* Had relied on sovereign insurance scheme
* Japan had been hardest hit by insurance limitations
* Iran crude imports expected to stay steady (Adds further insurer comment, detail)
TOKYO, Jan 21 (Reuters) - Japan’s main private ship insurer, the Japan P&I Club, said it has resumed normal coverage for tankers carrying Iranian oil, a step in easing imports in line with U.S. and EU moves as relations with Tehran thaw.
Japan oil buyers were the hardest hit by the shipping insurance limits in Western sanctions because they chose to continue to use Japanese tankers for deliveries.
India, South Korea, and China, at least partially, all began relying on Iranian shippers and insurance providers for their oil deliveries from Tehran.
The international P&I club, of which JPI is a member, resumed normal coverage of $7.6 billion per ship, including $1 billion for oil spills, on Monday as European Union reinsurance became available again for the first time since mid-2012, a JPI official said.

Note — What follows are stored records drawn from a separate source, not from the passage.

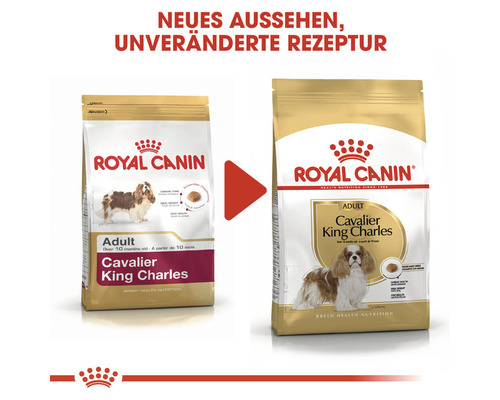 Royal Canin Cavalier King Charles adult dog food packaging showing the new design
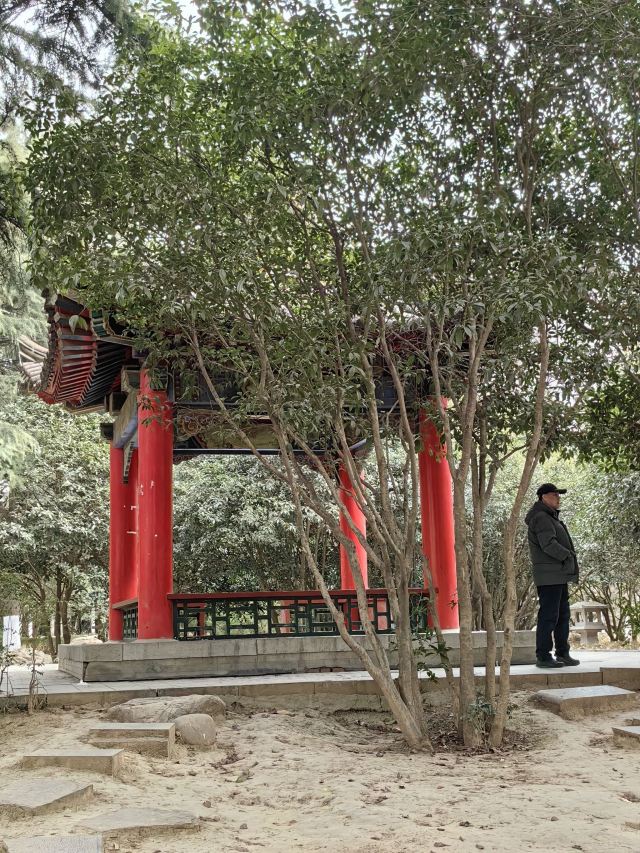 西安市纺织公园旅行图片 2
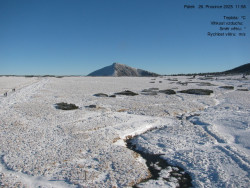 Luční bouda, pramen Bílého Labe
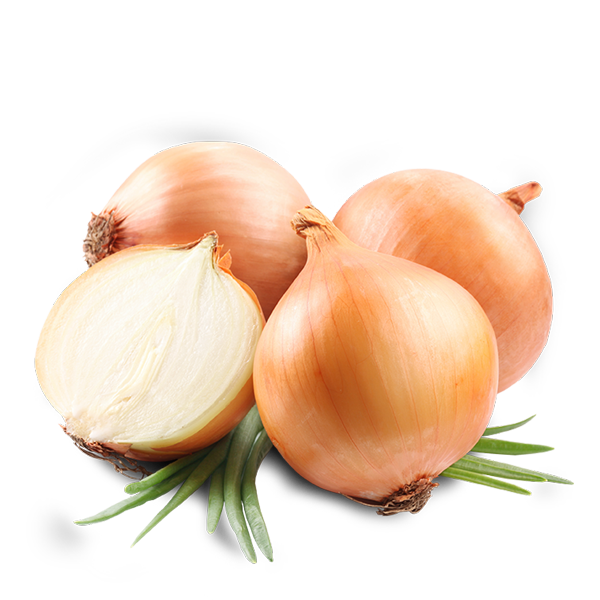 Cebolla Blanca  x 1 Kg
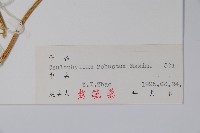 紅毛七藏品圖，第2張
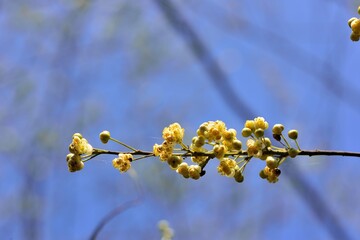 Wild pepper(Litsea cubeba) flower bloom, spire stone in Hsinchu, Taiwan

That means Japanese buyers of Iranian oil will not have to rely on Tokyo’s sovereign scheme to provide the same level of liability coverage for tankers carrying the crude.

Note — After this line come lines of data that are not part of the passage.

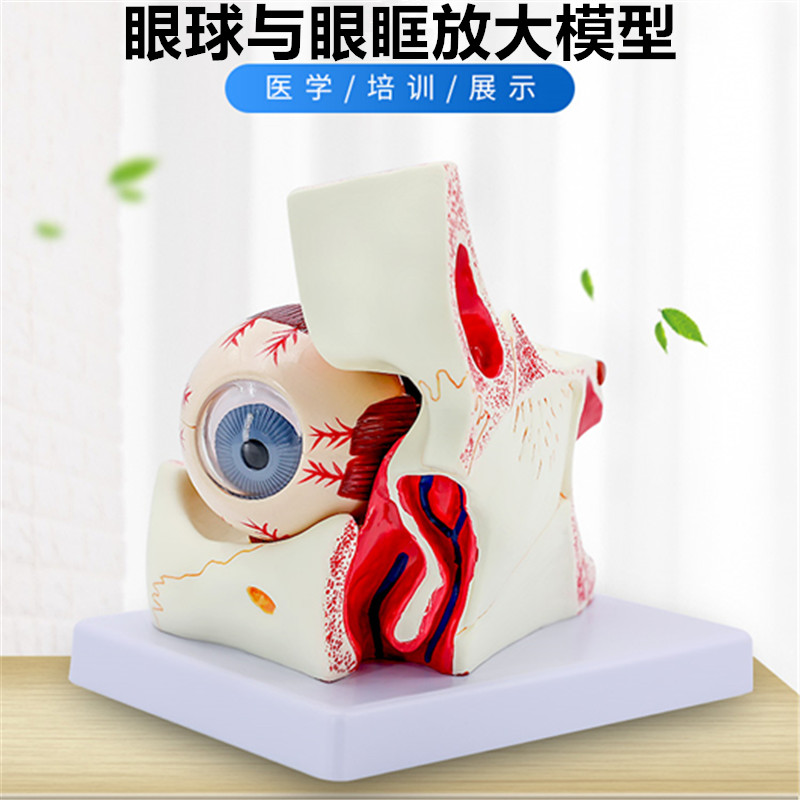 人体眼球模型放大眼睛眼球结构构造解剖模型教学仪器眼珠玩具医学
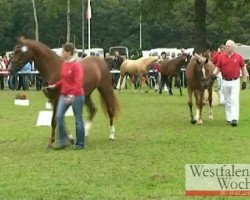 broodmare Leva Lotta (Westphalian, 2008, from Luxius)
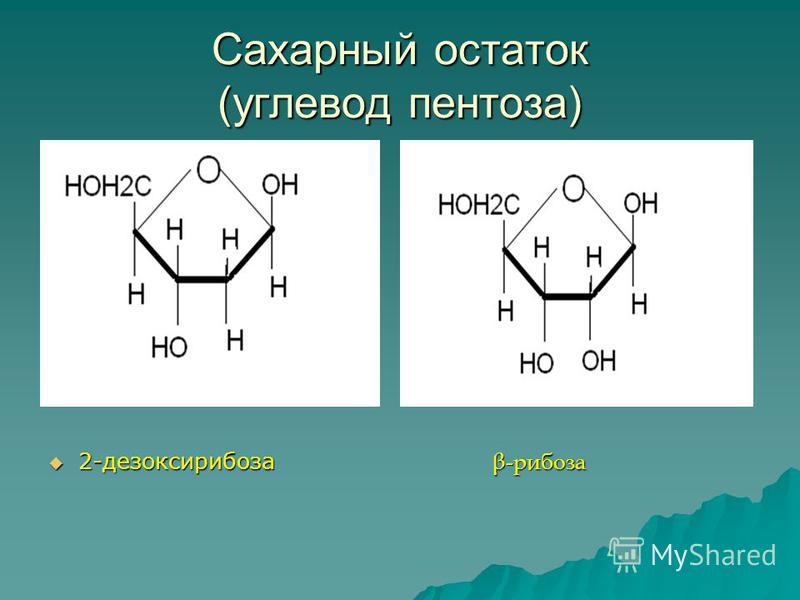 Сахарный остаток (углевод пентоза) 2-дезоксирибоза β-рибоза 2-дезоксирибоза β-рибоза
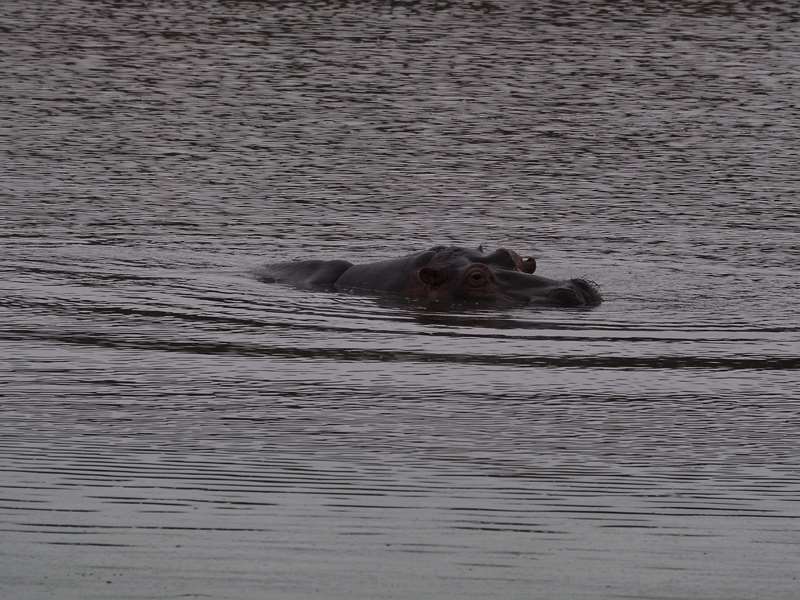 nijlpaarden kruger national park zuid-afrika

“The resumption of cover is very much restricted to that which is expressly permitted under the implementing EU and U.S. measures,” Andrew Bardot, executive officer of the International Group of P&I clubs, said separately.

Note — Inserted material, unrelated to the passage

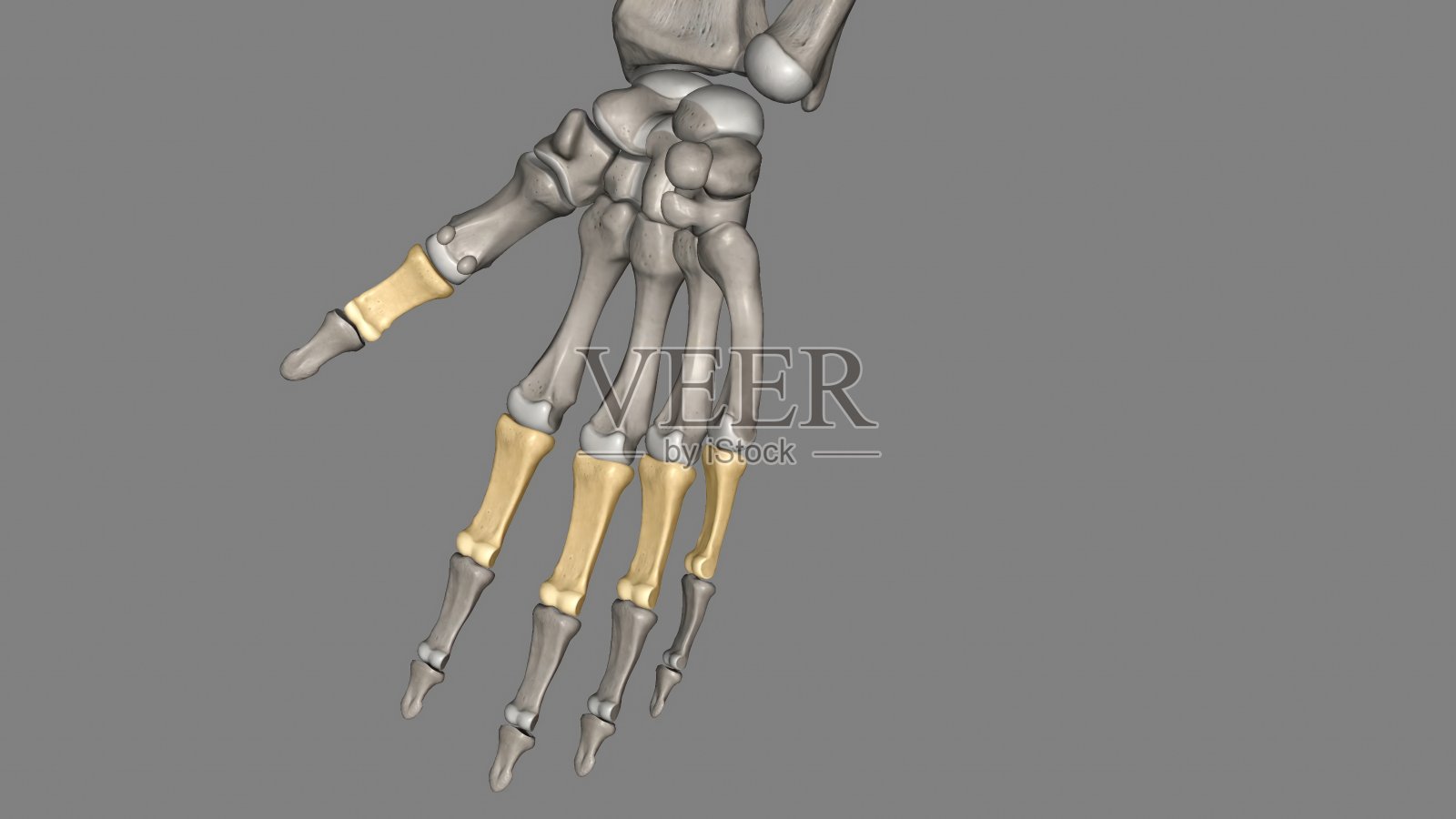 指从手数到指尖时手指的近端或第一根骨头照片摄影图片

“It does not fully open up the trade or the insurance of the trade. It is restricted to current importers based on their import quotas and it is for six months only.”
Specialist Protection & Indemnity insurers, mutually owned by shipping lines, dominate the market for insuring ocean-going vessels against pollution and injury claims, the biggest costs when a tanker sinks.
Japan temporarily halted its Iranian imports in July 2012 to avoid running afoul of the shipping and insurance sanctions, waiting for the government’s $7.6 billion sovereign liability guarantee per tanker to keep oil trade with Tehran going.
Buyers in India and South Korea said they are still waiting for further information from insurers and their governments before making any changes to how they have been receiving Iranian oil under the sanctions regime.
Japan’s sovereign scheme will stay in place for the time being, but will no longer be liable for insurance payments now that buyers can obtain JPI coverage, a government official said.
The government is not ready to scrap the sovereign scheme just yet, as the sanctions relief is regarded as temporary, the official said.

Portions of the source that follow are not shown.